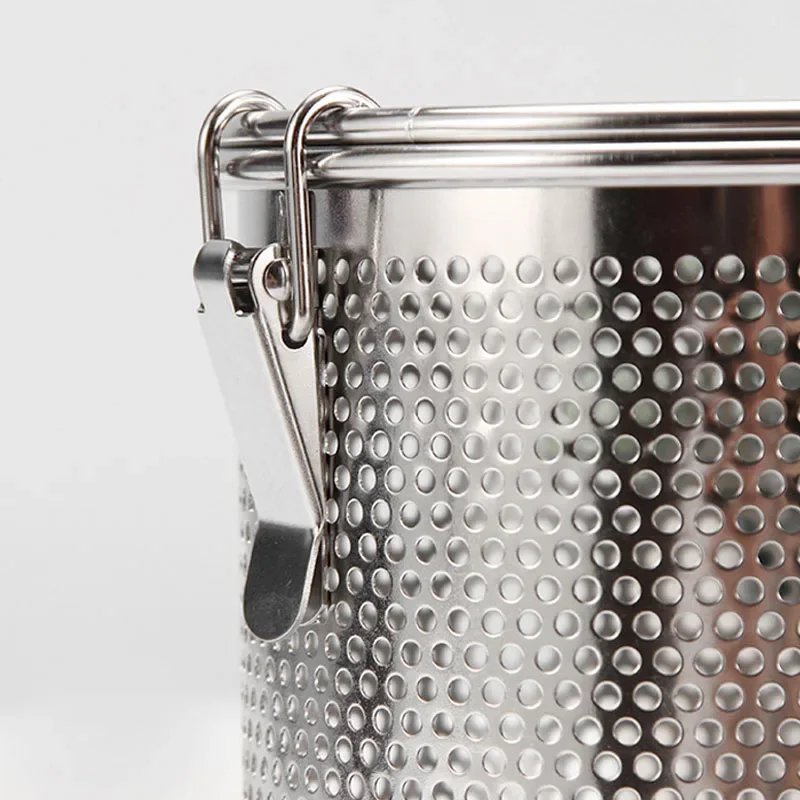 Reusable Stainless Steel Strainers With Chain Hook Extra Fine Mesh Tea Strainer For Brew Tea Spices Seasonings Kitchen Tools
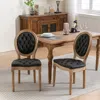 Streamdale Furniture Streamdale Antique French Style Wood Frame Dining Chairs Set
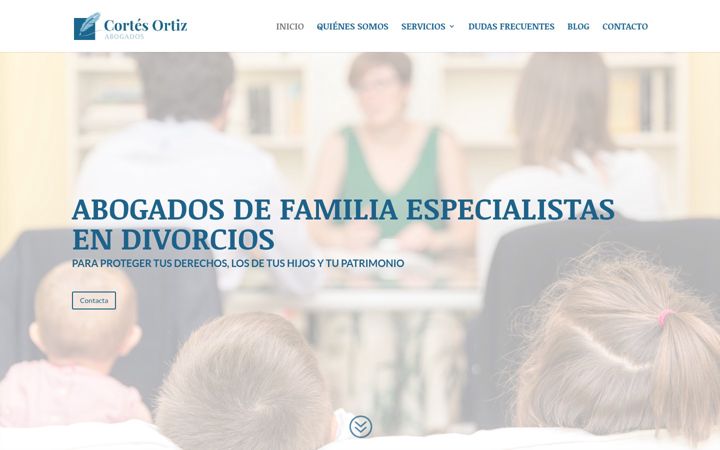 Snímek obrazovky cortesortizabogados.es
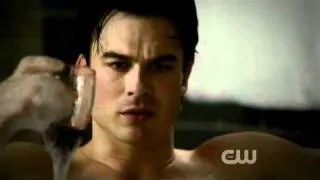 Vampire Diaries - Season02 Episode13 - Daddy Issues - Damon in the tub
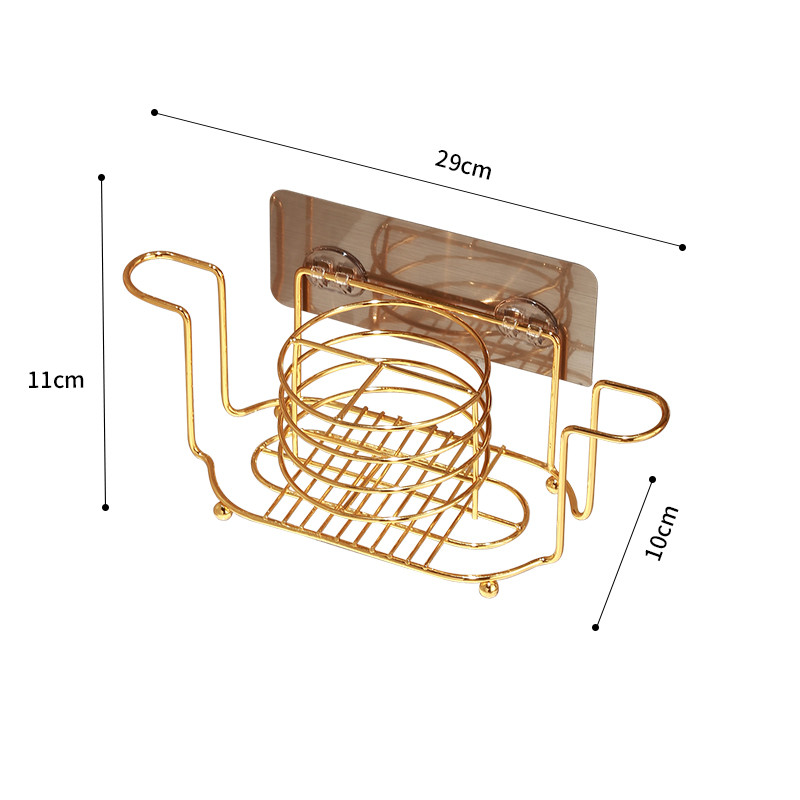 Porte-gobelet à dents en acier inoxydable, verre Transparent, gargarisme, porte-brosse à dents sans poinçon, accessoires de salle de bain, 1 pièce: B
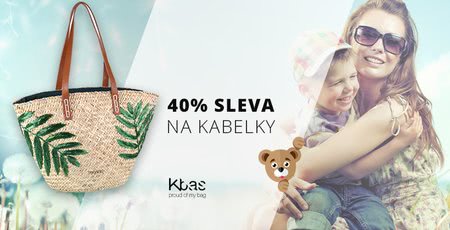 Dárek ke Dni matek – 40% sleva na kabelky Kbas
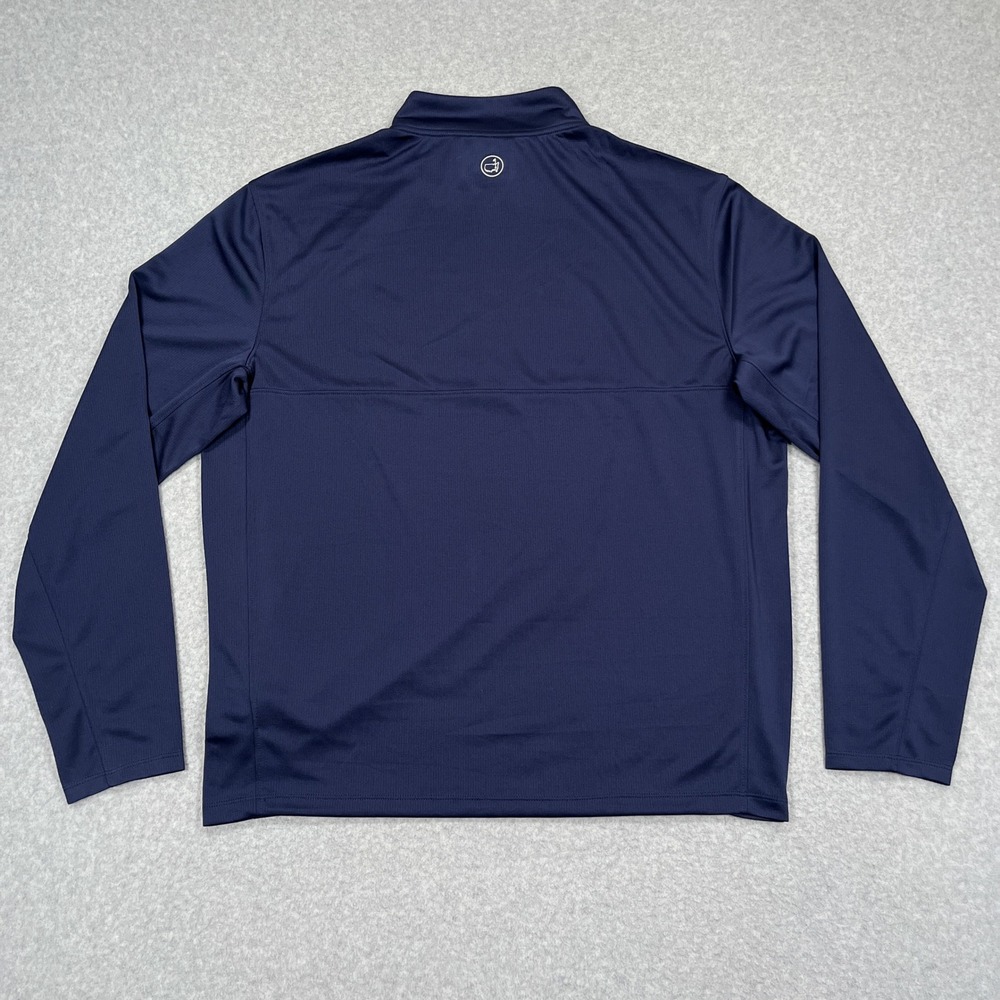 Masters Tech Quarter Zip Pullover Mens XL Navy Blue Augusta National Golf MT7440 - Picture 3 of 12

◆ ◆ ◆

PROBLEM DESCRIPTION:
Print all the entries again exactly as written, but without the pictures.

TASK SOLUTION:
 Reusable Stainless Steel Strainers With Chain Hook Extra Fine Mesh Tea Strainer For Brew Tea Spices Seasonings Kitchen Tools
 Streamdale Furniture Streamdale Antique French Style Wood Frame Dining Chairs Set
 Snímek obrazovky cortesortizabogados.es
 Vampire Diaries - Season02 Episode13 - Daddy Issues - Damon in the tub
 Porte-gobelet à dents en acier inoxydable, verre Transparent, gargarisme, porte-brosse à dents sans poinçon, accessoires de salle de bain, 1 pièce: B
 Dárek ke Dni matek – 40% sleva na kabelky Kbas
 Masters Tech Quarter Zip Pullover Mens XL Navy Blue Augusta National Golf MT7440 - Picture 3 of 12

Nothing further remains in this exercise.